Andre Bogus FollowAndre "llogiq" Bogus is a Rust contributor and Clippy maintainer. A musician-turned-programmer, he has worked in many fields, from voice acting and teaching, to programming and managing software projects. He enjoys learning new things and telling others about them.
Rust compression libraries
8 min read2376
Editor’s note: This post was updated on Jan. 8, 2021 to correct errors in the original benchmark.
Data compression is an important component in many applications. Fortunately, the Rust community has a number of crates to deal with this.
Unlike my review of Rust serialization libraries, it doesn’t make sense to compare performance between different formats. For some formats, all we have are thin wrappers around C libraries. Here’s hoping most will be ported to Rust soon.
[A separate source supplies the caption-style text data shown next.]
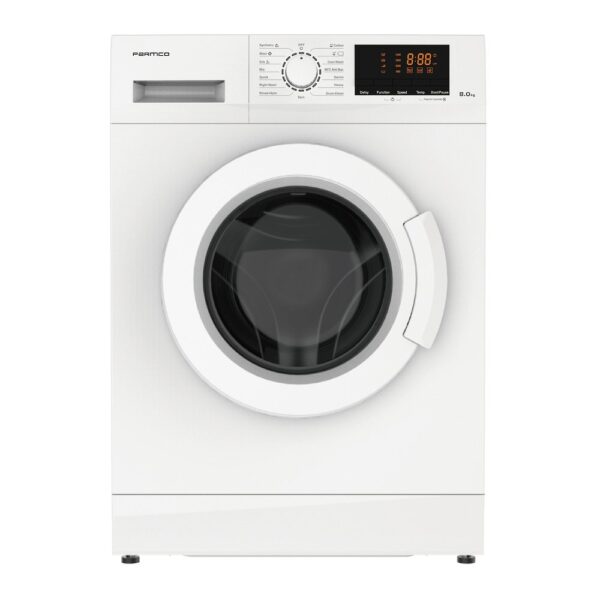 Parmco 8KG Washing Machine, White, Front Load
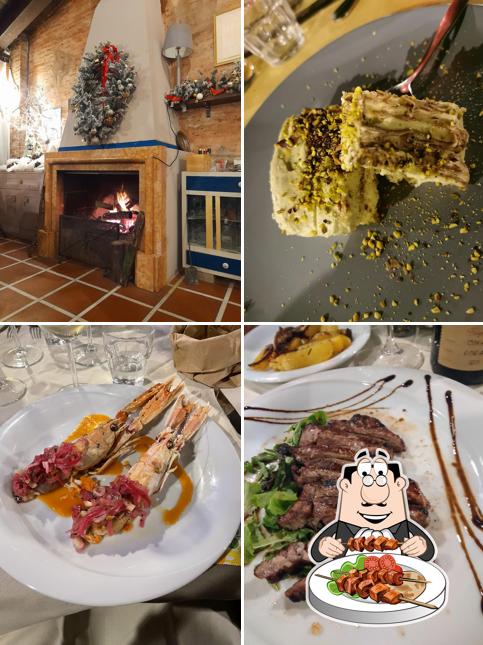 Cibo al Ristorante Alle Aie sul Lago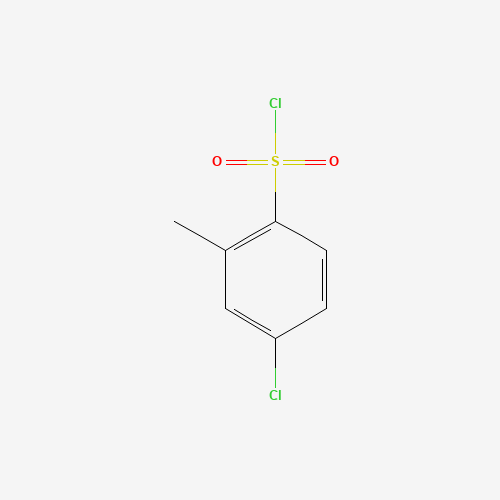 4-Chloro-2-methylbenzenesulfonyl chloride (CAS: 56157-92-7) - Chemical Structure and Molecular Formula 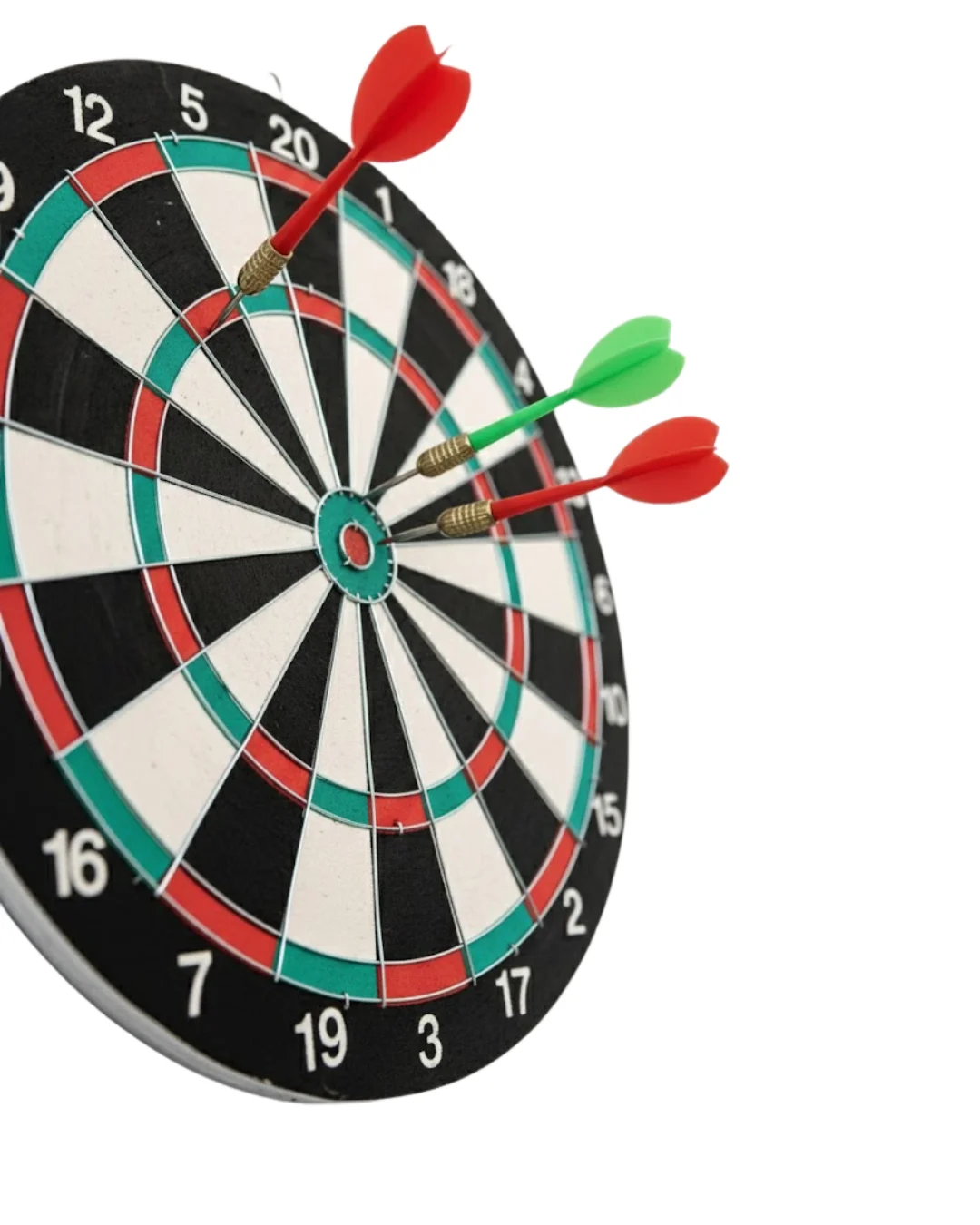 15 İnç Dart Tahtası Seti Dayanıklı Yapı 4 Metal Dart Oku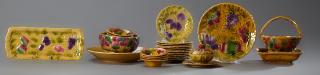 Appraisal: Thirty-One Piece Majolica Fruit Set early th c by Sarraguemines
There are two variants of compression utilities: stream compressors and archivers. A stream compressor takes a stream of bytes and emits a shorter stream of compressed bytes. An archiver enables you to serialize multiple files and directories. Some formats (such as the venerable .zip) can both collect and compress files.
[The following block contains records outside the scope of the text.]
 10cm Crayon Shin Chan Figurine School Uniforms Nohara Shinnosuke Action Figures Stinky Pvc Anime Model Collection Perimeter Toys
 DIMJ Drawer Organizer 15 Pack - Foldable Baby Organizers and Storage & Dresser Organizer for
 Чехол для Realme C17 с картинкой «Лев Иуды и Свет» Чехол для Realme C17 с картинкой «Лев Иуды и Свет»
For the web, there are only two stream formats that have achieved widespread implementation: gzip/deflate and Brotli. I list gzip and deflate under the same title because they implement the same underlying algorithm, and gzip adds more checks and header information. Some clients also allow for bzip2 compression, but this isn’t as widespread anymore since gzip can be made to get similar compression ratio with Zopfli (trading compression time), and you could use Brotli to go even smaller.
What are the best compression libraries for Rust?
Like any problem, there are myriad solutions that have different trade-offs in terms of runtime for compression and decompression, CPU and memory use vs. compression ratio, the capability to stream data, and safety measures such as checksums. We’ll focus only on lossless compression — no image, audio or video-related lossy compression formats.
For a somewhat realistic benchmark, I’ll use the following files to compress and decompress, ranging from very compressible to very hard to compress:
A 100MB file of zeroes created with cat /dev/zero | head -c $[1024 * 1024 * 100] > zeros.bin
The concatenated markdown of my personal blog, small and text-heavy (creaated with cat llogiq.github.io/_posts/*.md > blogs.txt)
An image of my cat
The x86_64 rustc binary of the current stable toolchain (1.47.0)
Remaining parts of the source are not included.